# Paintings of ships



## Charlie_Wood (Jan 29, 2006)

Does anyone have any experience of commisioning a painting. I'm sure most of you are familiar with Robert Lloyds' immaculate work. When I enquired about commissions with Des Cox at Snowbow he reckoned a commission for a specific vessel was between £3000-£10000 eek!! At the time he was working on a painting of the naming of the QM2 for Cunard.

When I was on the Argyllshire the purser, Tommy Henshall, was working on an oil of the ship lying at anchor in Table Bay, it was superb, I just wonder if it's lying in somebodies attic now!!

http://www.robertlloyd.co.uk/

This thread inspired by Hans Breemans post (Applause)


----------



## Hans Breeman (Mar 5, 2006)

*Maritime paintings*

Hi Charlie,

I noticed you mentioned my name in relation of maritime paintings.
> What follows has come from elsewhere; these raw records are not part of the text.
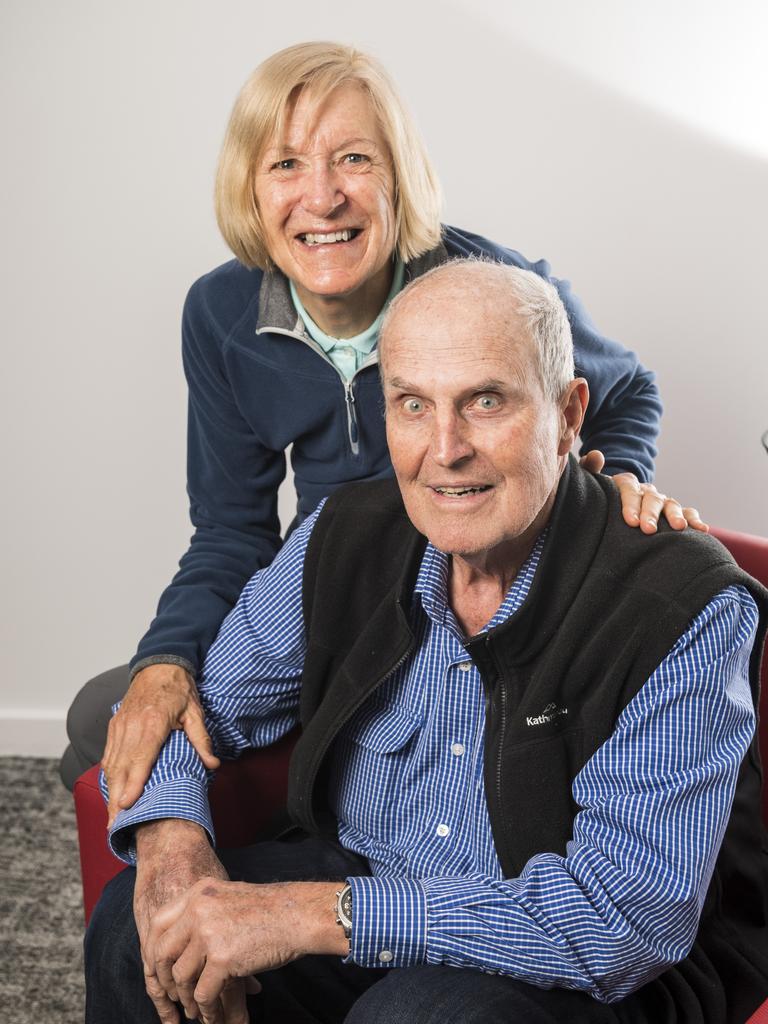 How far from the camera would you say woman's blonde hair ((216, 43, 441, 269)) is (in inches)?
69.5

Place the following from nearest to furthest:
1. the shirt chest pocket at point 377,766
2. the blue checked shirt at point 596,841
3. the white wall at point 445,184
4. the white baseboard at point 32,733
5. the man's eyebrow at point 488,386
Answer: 1. the blue checked shirt at point 596,841
2. the man's eyebrow at point 488,386
3. the shirt chest pocket at point 377,766
4. the white wall at point 445,184
5. the white baseboard at point 32,733

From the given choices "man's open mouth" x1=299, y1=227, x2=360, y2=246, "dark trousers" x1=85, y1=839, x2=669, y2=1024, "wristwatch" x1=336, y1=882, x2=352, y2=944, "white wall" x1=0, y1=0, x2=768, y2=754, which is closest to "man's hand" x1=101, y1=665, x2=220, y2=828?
"dark trousers" x1=85, y1=839, x2=669, y2=1024

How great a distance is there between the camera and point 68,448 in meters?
2.97

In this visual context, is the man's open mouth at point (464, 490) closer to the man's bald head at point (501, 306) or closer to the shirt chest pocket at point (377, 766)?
the man's bald head at point (501, 306)

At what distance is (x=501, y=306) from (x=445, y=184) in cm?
129

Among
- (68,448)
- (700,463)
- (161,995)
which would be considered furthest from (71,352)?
(161,995)

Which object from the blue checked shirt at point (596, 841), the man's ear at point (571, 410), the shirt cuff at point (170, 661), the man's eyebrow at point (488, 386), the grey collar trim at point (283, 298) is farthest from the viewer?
the grey collar trim at point (283, 298)

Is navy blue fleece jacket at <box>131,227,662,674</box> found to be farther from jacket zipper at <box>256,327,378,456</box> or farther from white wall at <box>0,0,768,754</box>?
white wall at <box>0,0,768,754</box>

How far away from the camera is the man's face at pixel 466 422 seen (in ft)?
4.58

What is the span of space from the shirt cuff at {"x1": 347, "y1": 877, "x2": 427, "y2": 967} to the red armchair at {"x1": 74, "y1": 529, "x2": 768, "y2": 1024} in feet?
1.52

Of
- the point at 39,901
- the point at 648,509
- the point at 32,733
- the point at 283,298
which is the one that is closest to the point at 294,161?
the point at 283,298

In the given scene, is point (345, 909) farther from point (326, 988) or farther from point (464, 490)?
point (464, 490)

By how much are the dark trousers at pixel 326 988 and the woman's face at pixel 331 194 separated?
88cm

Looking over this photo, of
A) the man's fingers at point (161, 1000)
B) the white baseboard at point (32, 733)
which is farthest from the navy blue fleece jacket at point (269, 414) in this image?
the white baseboard at point (32, 733) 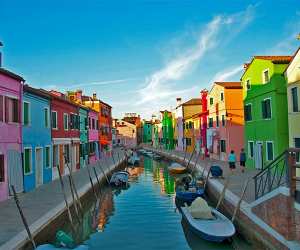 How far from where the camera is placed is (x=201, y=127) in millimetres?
46312

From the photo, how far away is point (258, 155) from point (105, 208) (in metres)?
13.1

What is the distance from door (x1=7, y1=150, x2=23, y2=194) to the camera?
1823 centimetres

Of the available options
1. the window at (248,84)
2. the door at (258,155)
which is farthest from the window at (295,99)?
the window at (248,84)

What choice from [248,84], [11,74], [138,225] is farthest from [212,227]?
[248,84]

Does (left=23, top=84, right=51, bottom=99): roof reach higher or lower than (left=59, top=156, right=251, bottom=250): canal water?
higher

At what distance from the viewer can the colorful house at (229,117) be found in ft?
117

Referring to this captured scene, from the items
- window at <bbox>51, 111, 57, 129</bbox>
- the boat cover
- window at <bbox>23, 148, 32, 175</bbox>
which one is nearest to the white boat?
the boat cover

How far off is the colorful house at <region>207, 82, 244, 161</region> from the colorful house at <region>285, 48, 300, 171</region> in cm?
1443

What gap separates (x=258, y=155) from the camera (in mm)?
26656

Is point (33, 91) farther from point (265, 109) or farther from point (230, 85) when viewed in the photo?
point (230, 85)

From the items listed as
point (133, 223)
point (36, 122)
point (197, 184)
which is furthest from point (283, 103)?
point (36, 122)

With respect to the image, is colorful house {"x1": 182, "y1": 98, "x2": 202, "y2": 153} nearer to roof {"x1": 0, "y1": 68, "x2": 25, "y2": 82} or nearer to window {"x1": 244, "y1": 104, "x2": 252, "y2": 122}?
window {"x1": 244, "y1": 104, "x2": 252, "y2": 122}

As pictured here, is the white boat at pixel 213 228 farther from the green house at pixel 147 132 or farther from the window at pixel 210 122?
the green house at pixel 147 132

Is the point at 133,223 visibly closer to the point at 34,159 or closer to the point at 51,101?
the point at 34,159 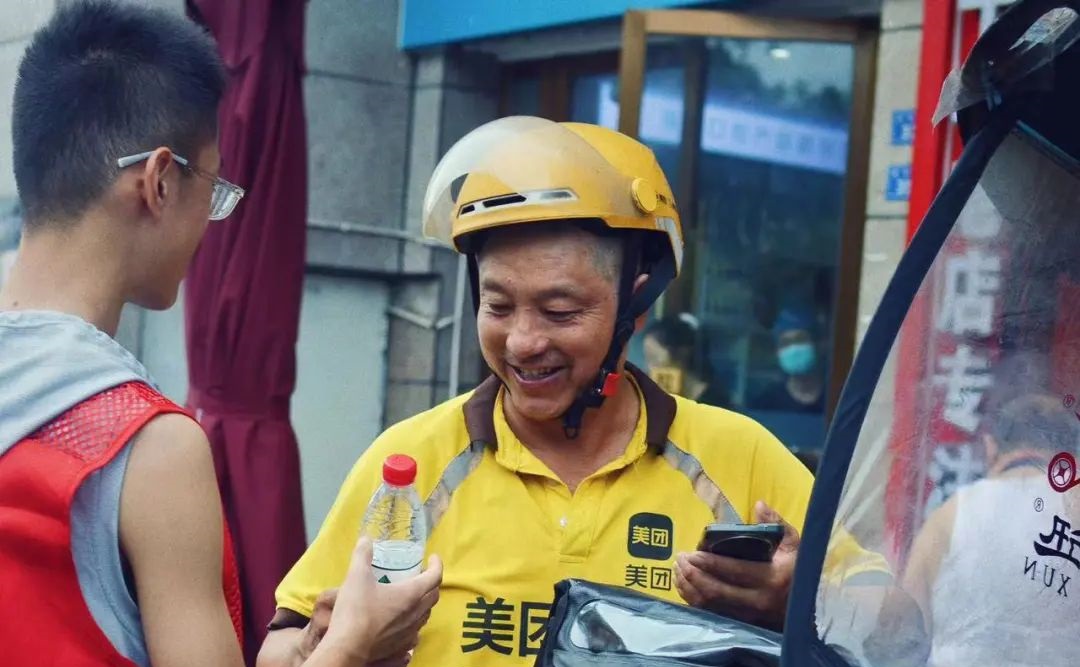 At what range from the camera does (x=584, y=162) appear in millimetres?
2438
Yes, I am aware of the fact that some good oil paintings are very very expensive. Fortunately I am in a position that I still do have another (wellpaying) job. Meaning that my prices can be lower, but I always keep in mind that I do not want to destroy the market for my colleguea painters. Anyway to give you an alternaty idea: I also make watercolours, they can be 4 X cheaper than oils.
Just to give you an idea, have a look on www.hansbreeman.nl

cheerio
Hans.


----------



## japottinger (Jun 16, 2004)

Charlie, have a look at some of the postings of my paintings to see the standard I work to, and have many happy customers and I wont break your bank.
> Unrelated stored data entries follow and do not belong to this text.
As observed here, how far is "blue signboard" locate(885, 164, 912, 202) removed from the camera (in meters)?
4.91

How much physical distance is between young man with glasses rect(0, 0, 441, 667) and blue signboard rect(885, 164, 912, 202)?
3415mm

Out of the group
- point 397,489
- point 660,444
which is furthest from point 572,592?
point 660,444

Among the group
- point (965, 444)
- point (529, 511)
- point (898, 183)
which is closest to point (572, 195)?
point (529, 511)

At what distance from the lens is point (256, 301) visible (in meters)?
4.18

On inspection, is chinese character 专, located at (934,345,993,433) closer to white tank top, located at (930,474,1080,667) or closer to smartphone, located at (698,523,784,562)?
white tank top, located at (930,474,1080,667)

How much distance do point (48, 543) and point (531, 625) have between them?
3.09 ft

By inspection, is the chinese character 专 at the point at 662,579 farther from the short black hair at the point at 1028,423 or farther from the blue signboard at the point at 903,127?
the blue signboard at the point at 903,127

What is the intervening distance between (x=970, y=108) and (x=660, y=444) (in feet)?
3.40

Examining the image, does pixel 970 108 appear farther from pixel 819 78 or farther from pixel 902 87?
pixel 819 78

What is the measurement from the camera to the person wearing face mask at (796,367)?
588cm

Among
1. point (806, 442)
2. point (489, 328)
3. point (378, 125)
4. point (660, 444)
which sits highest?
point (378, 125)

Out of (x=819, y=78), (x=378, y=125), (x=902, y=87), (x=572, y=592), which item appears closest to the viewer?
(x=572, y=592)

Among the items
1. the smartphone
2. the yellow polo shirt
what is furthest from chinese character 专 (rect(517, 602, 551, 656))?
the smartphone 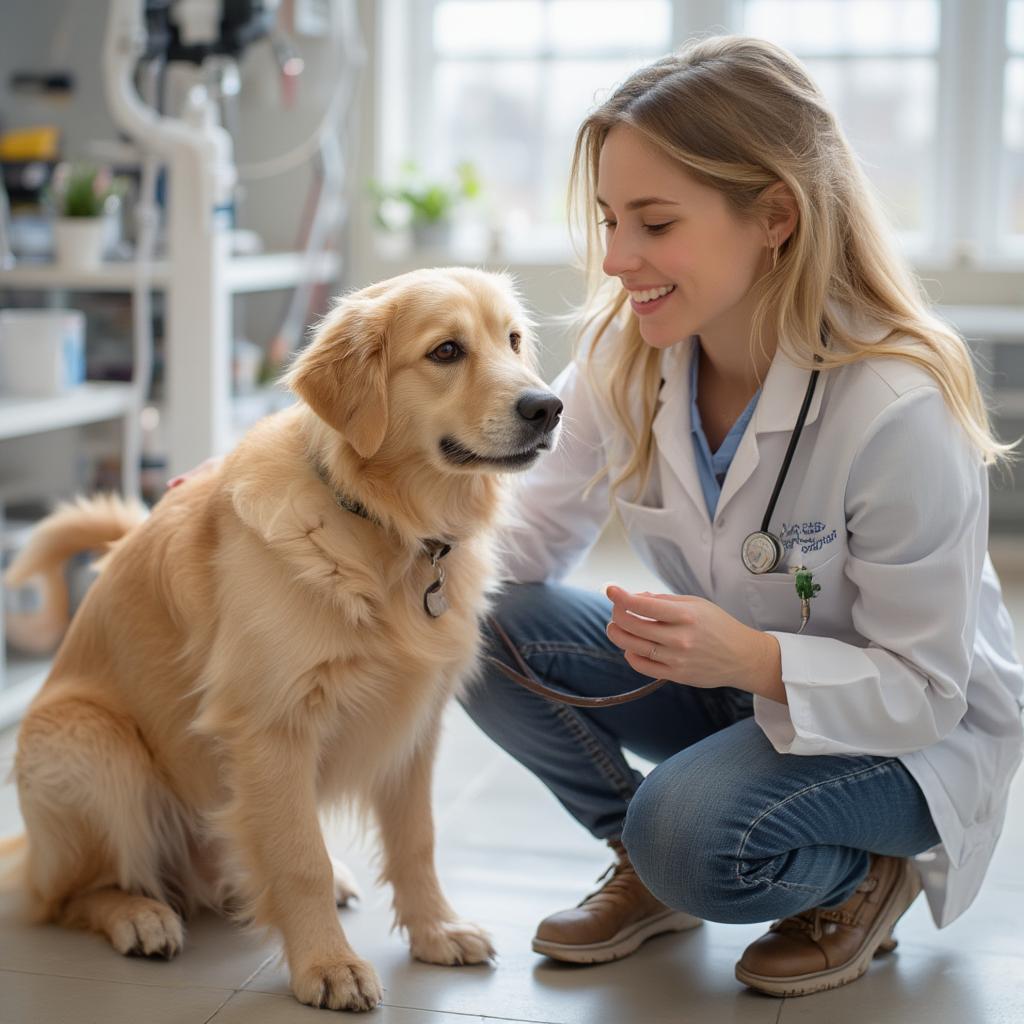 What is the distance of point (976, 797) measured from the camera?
1626 mm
The figures to mention are around the usual for one of the professional artists.
Jim


----------



## Charlie_Wood (Jan 29, 2006)

Thanks Hans and Jim. I'm mightily impressed by the work of both of you and will no doubt be in touch when the time is right. It may not be for a while yet though.


----------



## Hans Breeman (Mar 5, 2006)

*Jim*

Jim were can I see your work, I am interessted.

cheerio,

Hans

www.hansbreeman.nl


----------



## japottinger (Jun 16, 2004)

*Paintings*

Hello Hans,
I can E-mail or on CD direct to a you a few samples .
regards,
Jim


----------



## Hans Breeman (Mar 5, 2006)

*Jim's Paintings.*

Please do Jim.
My email address is [email protected]

Thank you in advance and have a nice day

Hans


----------



## Rick Andrews (Feb 28, 2006)

*Ship Paintings*

Hi, If your looking for a painting that will not break bank and is first class quality look no further than fellow member in New Zealand, Wallace Trickett. He has many satisfied customers, many with Blue Star Line with whom he sailed many years ago. Enclosing sample, Rick.


----------



## airds (Jun 14, 2005)

Hans Breeman said:


> Hi Charlie,
> 
> Just to give you an idea, have a look on www.hansbreeman.nl
> 
> ...



Lovely work Hans.

(But PLEASE not _English merchant marine_ on your About Me page. British or U.K!  )


----------



## Charlie_Wood (Jan 29, 2006)

Many thanks for all that have replied or contacted me by PM. I eventually want to get some of my old ships immortalised, but that may not be for a while yet. More immediately I'm looking to get a painting done for my partner who retires in September. I'm a bit uncomfortable about commissioning a painting, especially for someone else, as art is so subjective. I may have happened a solution whilst visiting a local charity exhibition last week. I bought the attached acrylic painting and discovered it was painted by a local retired Master so I think I'll see if he can help me in the short term. The photo doesn't really do justice to the painting.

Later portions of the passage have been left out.